Defending The Guilty
By Timothy J. McClain

For fun and constitutional obligation, defense attorneys
represent accused murderers, rapists and white collar thieves

Our fathers claimed, by obvious madness moved,
Man's innocent until his guilt is proved.
They would have known, had they not been confused,
He's innocent until he is accused.

Ogden Nash

"You Can’t Get There From Here"

Confront defense attorney Jaunita Brooks at a cocktail party about how she can, in good conscience, represent guilty people, and her first inclination is to flee.

    "Normally, I walk away and try to engage somebody else in conversation," Brooks says. "But if they won’t let me, the honest answer is that I am not the one that makes the judgment about whether the person is guilty or not. My role as a criminal defense lawyer is to keep the system honest. Either a judge or a jury or my client will make the determination (of guilt)."

    Just doing her job. Like her colleagues, Brooks, a partner with McKenna & Cuneo, notes that about 95 percent of all people charged with a crime end up guilty via plea bargaining. (Of the 16,573 felony cases filed by the San Diego District Attorney last year, only 688 went to trial.) So by default, the overwhelming number of clients defense attorneys represent are found guilty of something. The remaining 5 percent, defense attorneys say, have a legitimate need for a trial, with the primary reasons being disagreement over plea bargain offers or belief that the accused is innocent of the charges.
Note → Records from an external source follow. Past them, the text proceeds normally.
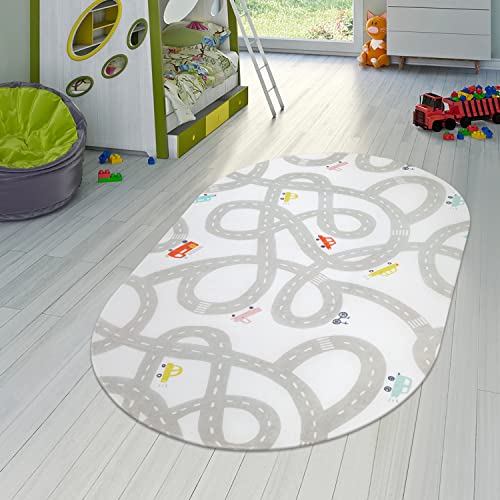 Road Traffic Kids Rug Children Playing with Cars Playmat 3x5 ft,Washable Play Carpet for Kids Playroom,Non-Slip Have Fun Safe Baby Nursery Rug for Toddler Boy? Bedroom Game Room Grey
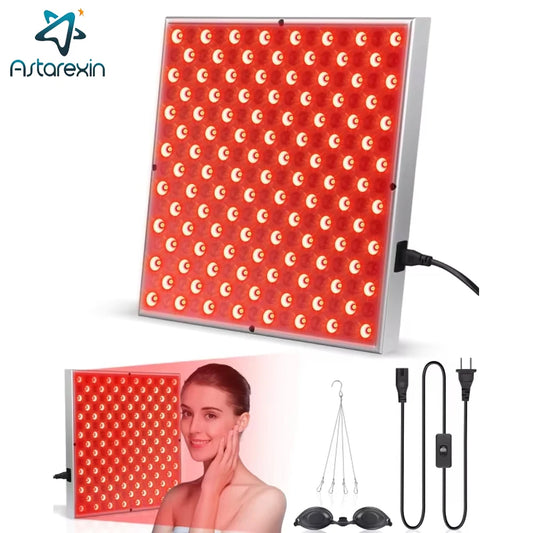 Amzzonstore LED red light therapy panel with 225 LEDs for facial skin care, anti-aging, pain relief, and physical therapy.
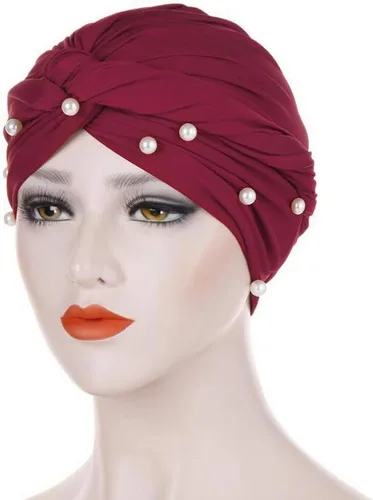 Vista 2 de Gorro para mujer, diseño de turbante, nudo para dormir, preatado, gorro de quimioterapia, gorro de pérdida de cabello, gorro de cabeza sólida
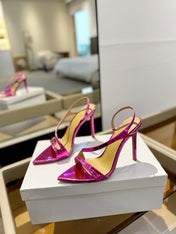GIANVITO ROSSI 26S STRAPPY HIGH-HEEL SANDALS 105 MM IN DARK PINK PATENT CALFSKIN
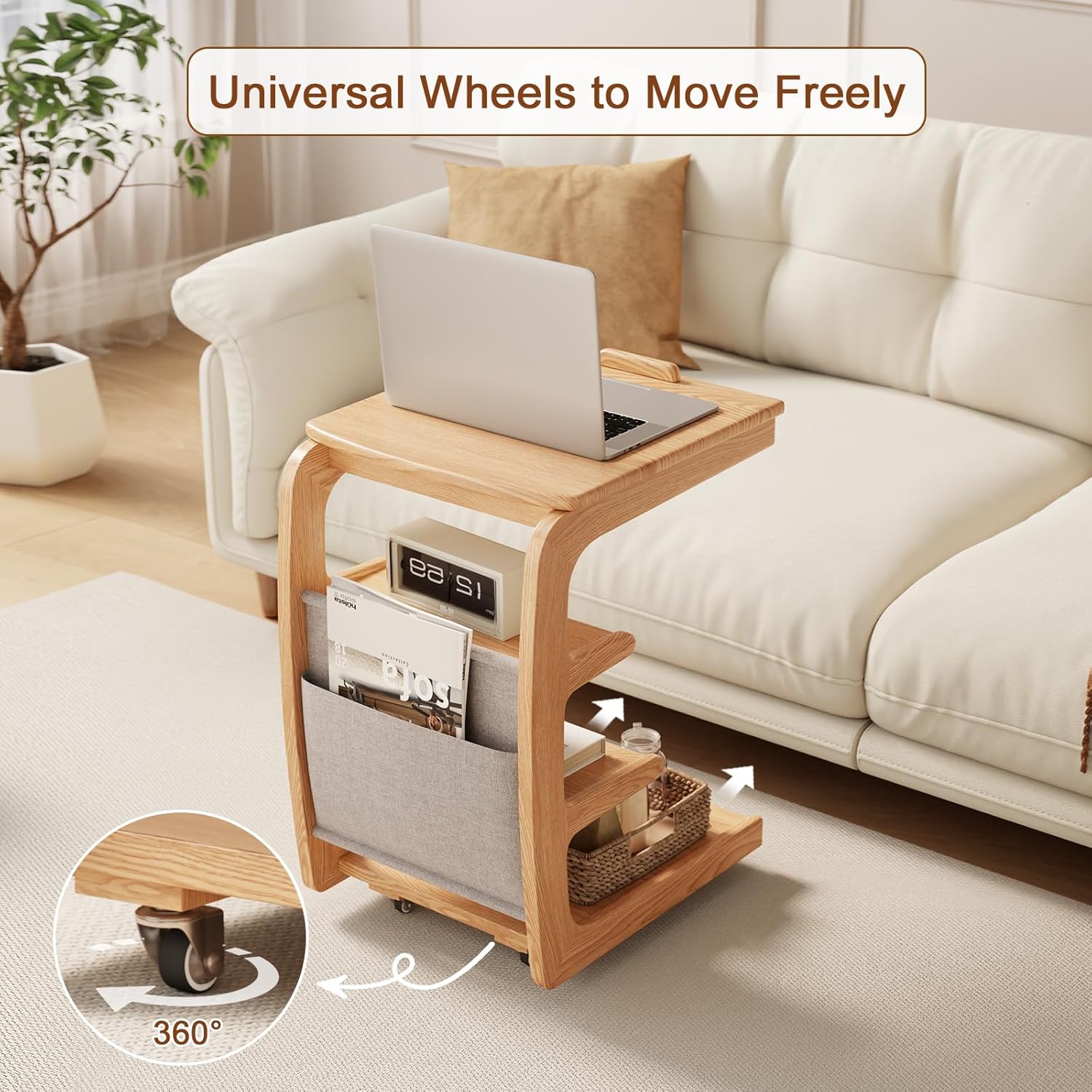 C Shaped Table for Couch, C Table with Wheels,Wooden Couch Table Adjustable Desktop for Living Room,Bedroom - Walnut - Grand Goldman
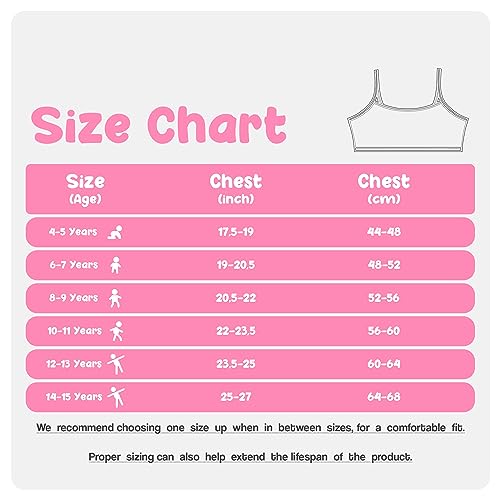 Donella Girls Underwear Set - Soft Cotton Kids Sports Bra and Stretch Cotton Girls Training Bra - 10 Pack, Age: 8-94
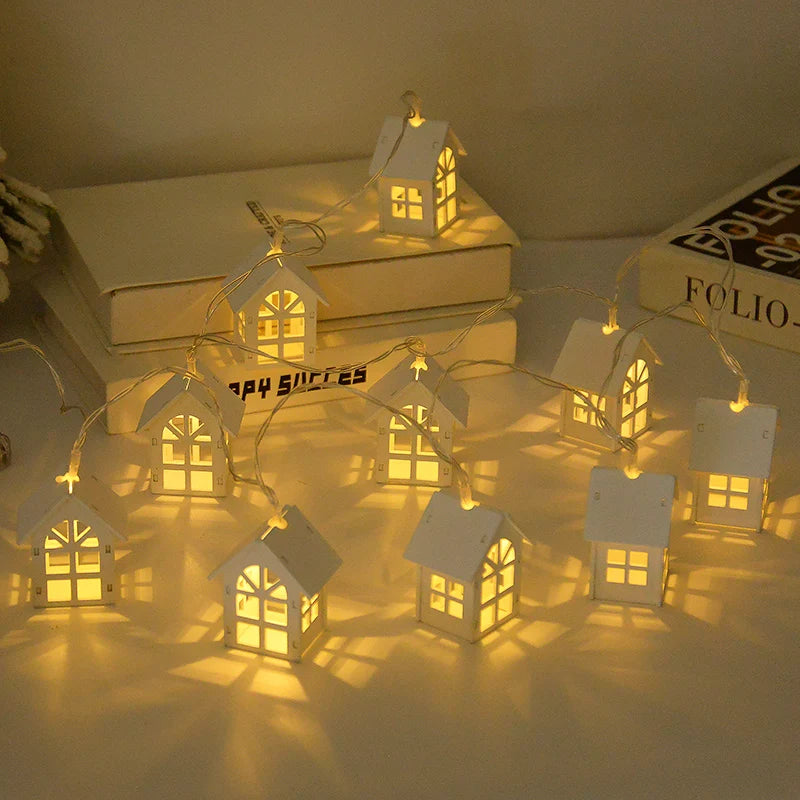 Christmas Wood House String Lights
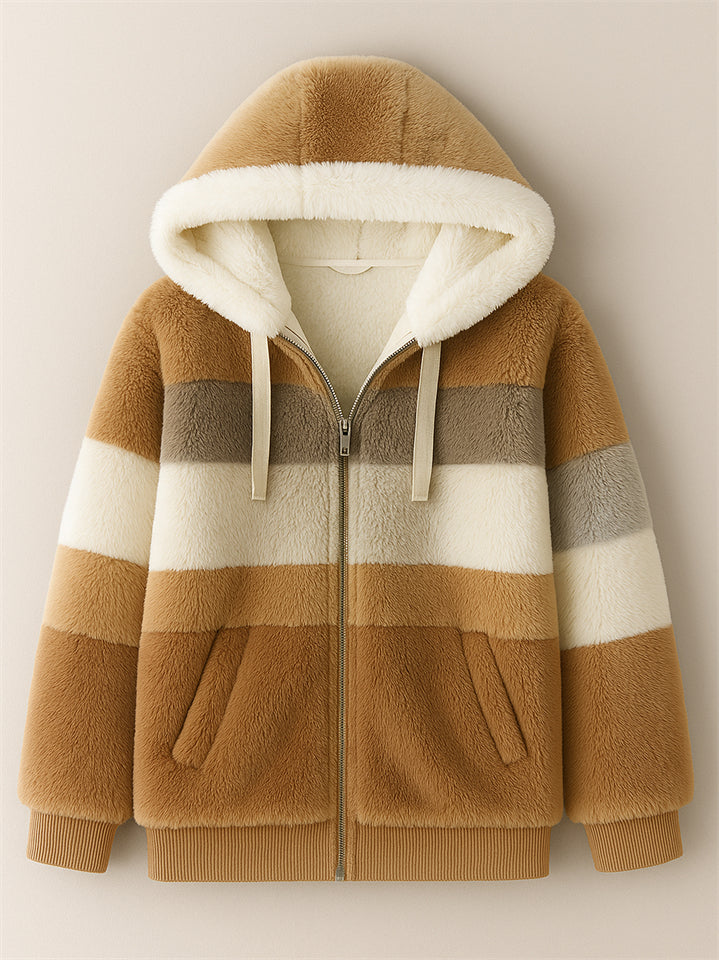 Women's Winter Color Block Cozy Faux Fur Fleece Zip Up Hooded Coat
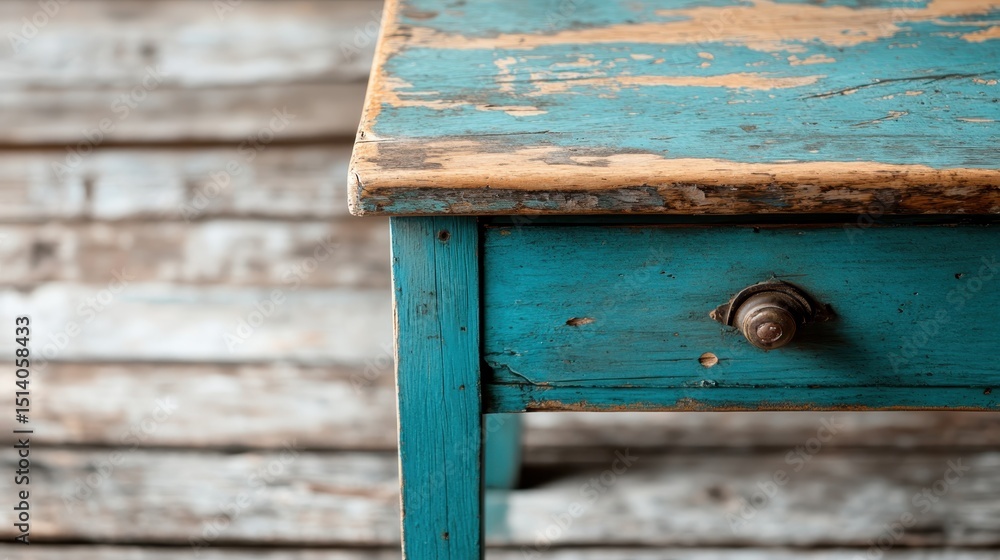 Poster a close-up of a rustic blue table showcasing unique distressed patterns, highlighted by textures tha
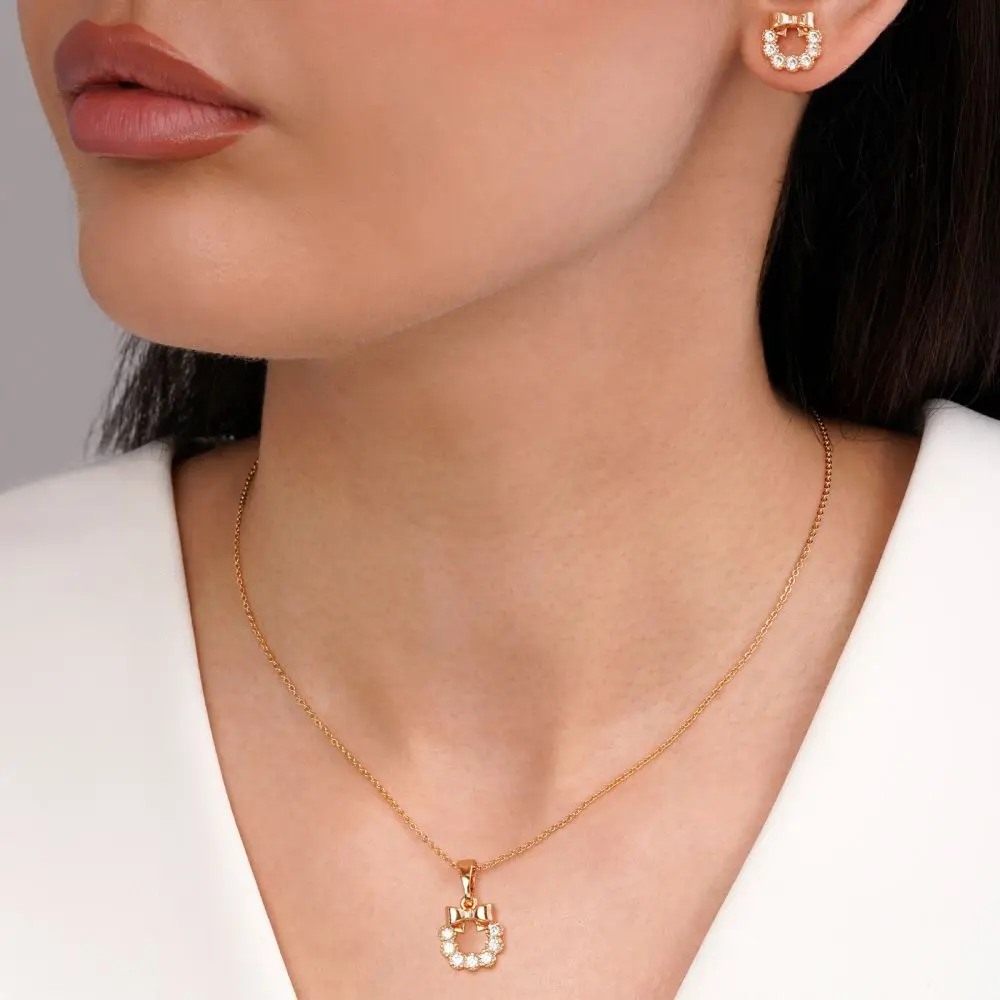 تصویر نیم ست پاپیون نگین دار طلایی شوپینگ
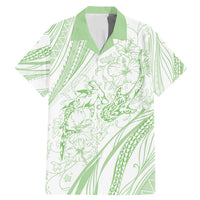 Sharks Couple Dreamy Polynesians Floral Sea Family Matching Mermaid Dress and Hawaiian Shirt Emerald - Polynesian Pride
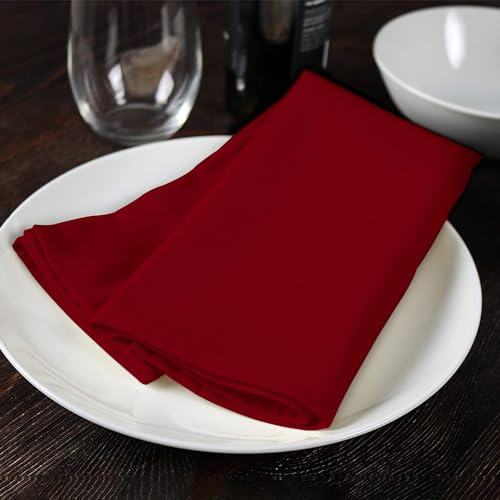 Avalon Kitchen Red Cloth Napkins Bulk (Pack of 24) - 100% Polyester Dinner Linen Napkins Cloth Washable & Reusable - Durable with Hemmed Edges - Ideal for Parties and Weddings (17x17 Inches) by Avalon Kitchen - Used condition - Image 2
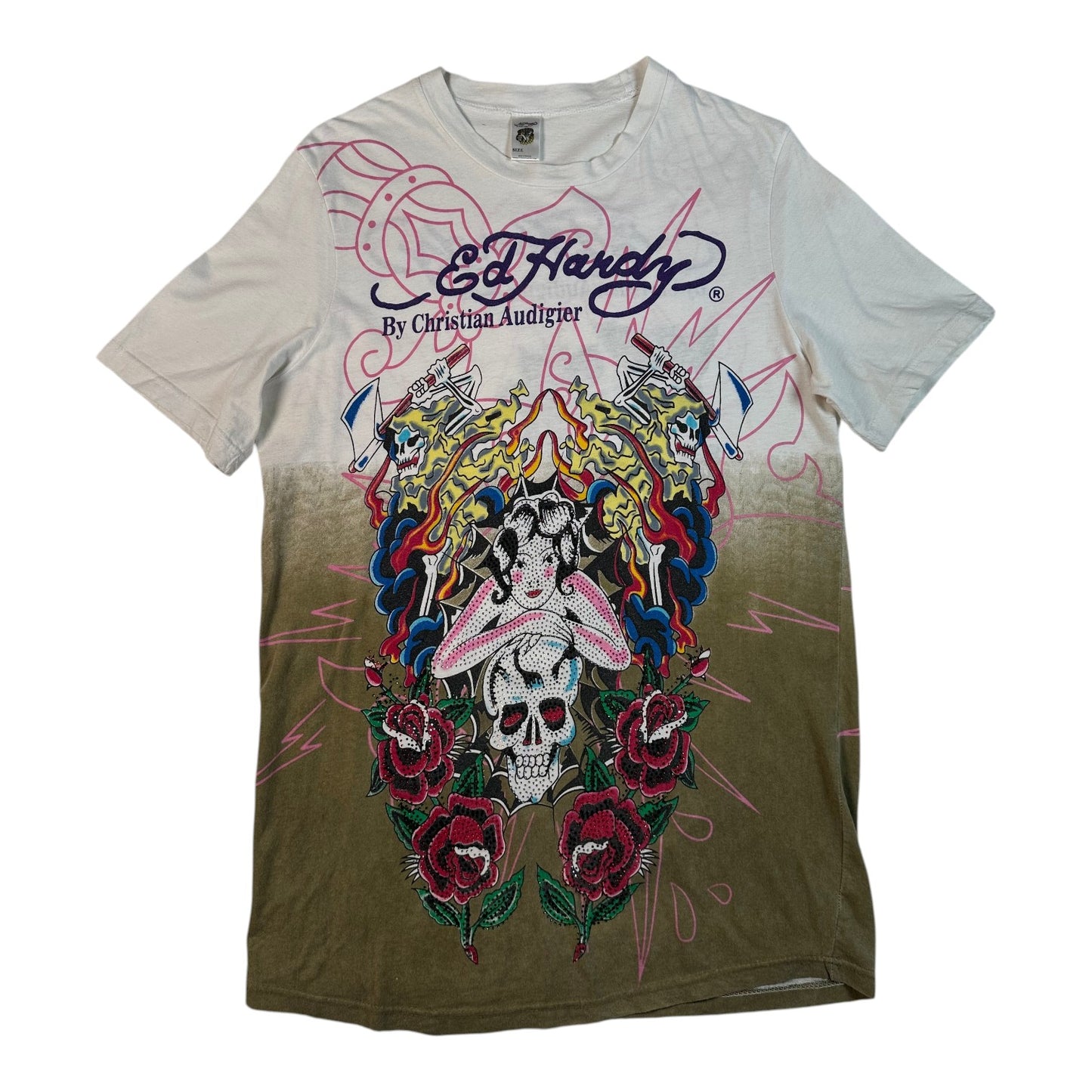 Ed Hardy graphic t-shirt featuring a white-to-brown gradient design with a colorful tattoo-style illustration of a skull, roses, and a woman's face, with the Ed Hardy brand logo printed above.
    Yet in an era of sweeping anti-crime movements, with polls repeatedly showing the public feeling less safe than ever despite statistically-favorable crime trends, defense attorneys admit they are feeling the heat of public scrutiny. The attention paid to O.J. Simpson's legal "Dream Team," and the success it achieved with the acquittal in his first trial, only served to raise the temperature.

    When challenged to defend their profession, defense attorneys turn to responses that range from Brooks' scholarly approach on her role in the criminal justice system to Milton Silverman's over-the-top nightmare scenario of police busting into homes unannounced and holding knives to family members' throats to coerce confessions.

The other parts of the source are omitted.